What this task involves » Every line from the start of the records through the line with "Photo of free" is to be written out exactly; pictures are not.

........

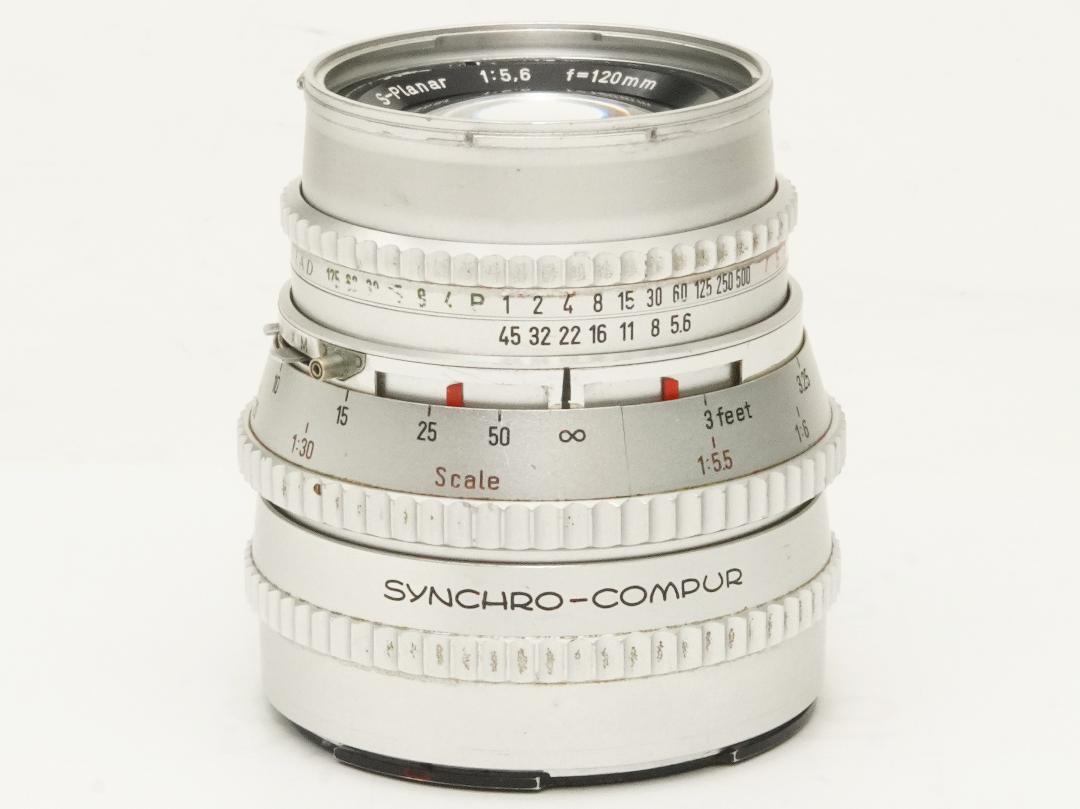 120/5.6 S-Planar (Cレンズ)　Hasselblad Vシリーズ用 シンクロコンパーM.X.V. シャッター付の画像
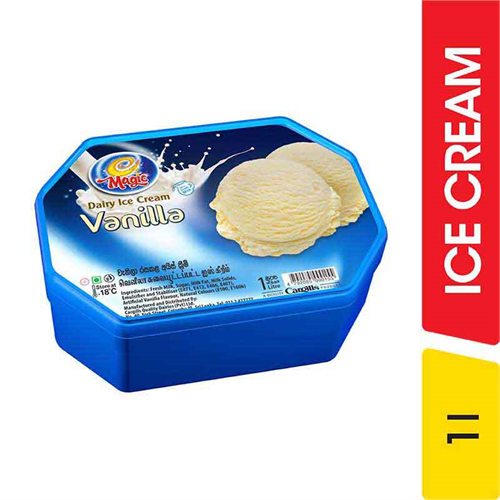 Magic Vanilla Ice Cream - 1.00 l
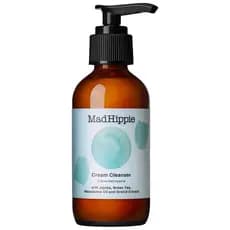 Creme de Limpeza Mad Hippie – Fórmula Suave com Ácido Hialurônico, Óleo de Jojoba e Chá Verde, Proteção da Barreira Cutâ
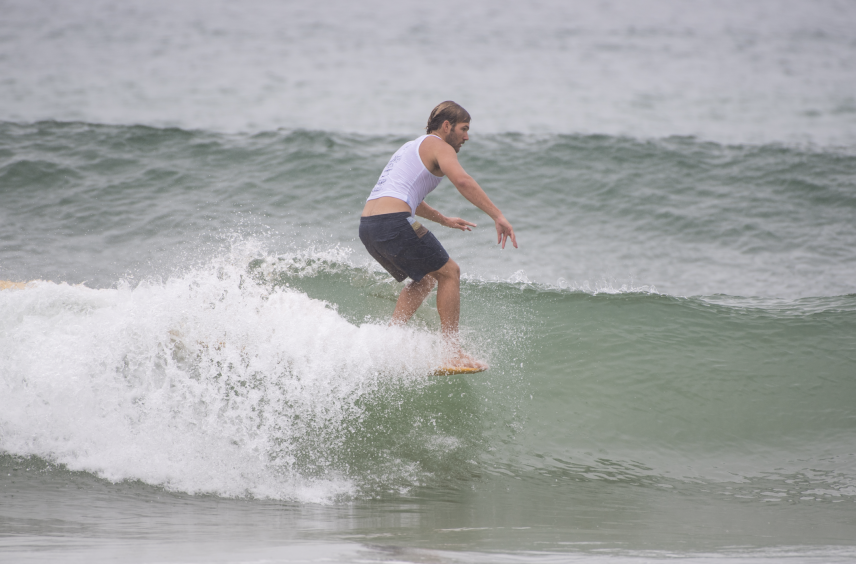 チューダーと同じカリフォルニア出身のケビン・スクバーナ/WSL / Dave Gleeson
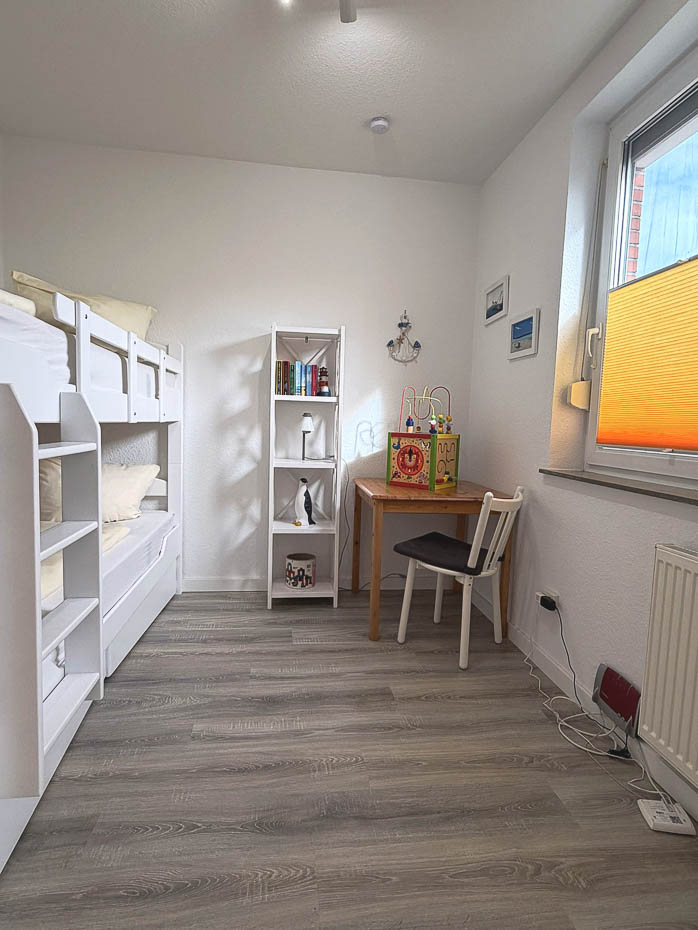 Ferienhaus „Merlins Zauberhaus“ - Schlafzimmer 3/Kinderzimmer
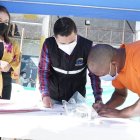 En los centros penitenciarios hubo en esta ocasión menos personas para el voto de los privados de la libertad.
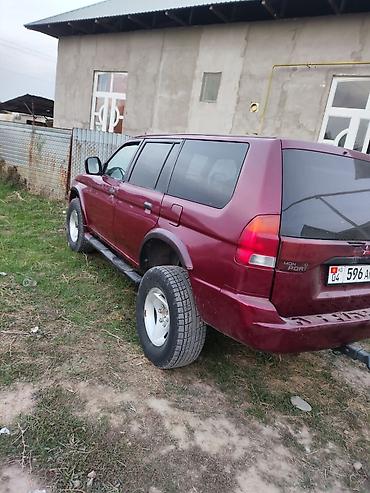 daewoo matiz 2002: Mitsubishi Montero Sport: 1999 г., Внедорожник — 1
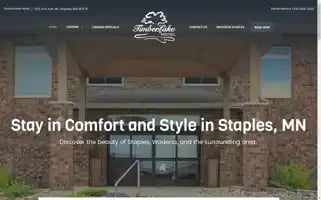Timberlakehotel.com Screenshot 2024-04-17 07:27:38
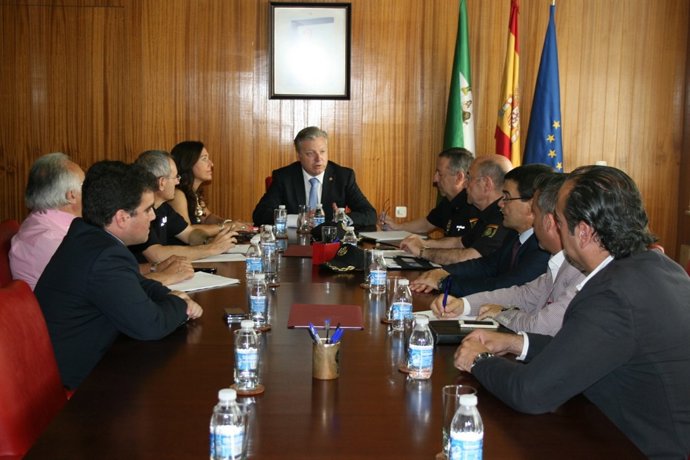 Reunión de seguridad ante el posible ascenso del Córdoba CF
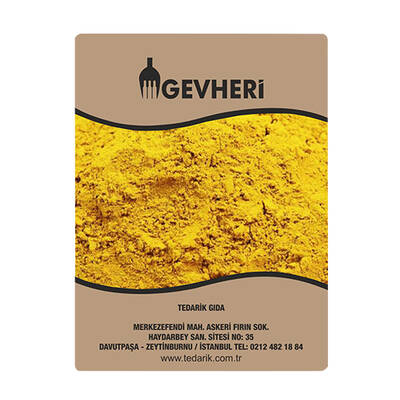 Gevheri Zerdeçal 1 kg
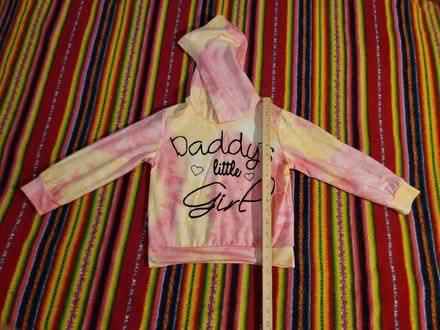 Photo of free Daddy's Little Girl Hoodie - 5Y (West 7th) #3
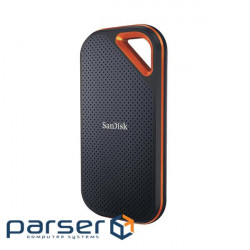 Портативний SSD SanDisk USB 3.2 Gen 2x2 Type-C E81 4TB R2000/W2000MB/s IP55 (SDSSDE81-4T00-G25)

........

Exercise solution »
 120/5.6 S-Planar (Cレンズ)　Hasselblad Vシリーズ用 シンクロコンパーM.X.V. シャッター付の画像
 Magic Vanilla Ice Cream - 1.00 l
 Creme de Limpeza Mad Hippie – Fórmula Suave com Ácido Hialurônico, Óleo de Jojoba e Chá Verde, Proteção da Barreira Cutâ
 チューダーと同じカリフォルニア出身のケビン・スクバーナ/WSL / Dave Gleeson
 Ferienhaus „Merlins Zauberhaus“ - Schlafzimmer 3/Kinderzimmer
 En los centros penitenciarios hubo en esta ocasión menos personas para el voto de los privados de la libertad.
 daewoo matiz 2002: Mitsubishi Montero Sport: 1999 г., Внедорожник — 1
Timberlakehotel.com Screenshot 2024-04-17 07:27:38
 Reunión de seguridad ante el posible ascenso del Córdoba CF
 Gevheri Zerdeçal 1 kg
 Photo of free Daddy's Little Girl Hoodie - 5Y (West 7th) #3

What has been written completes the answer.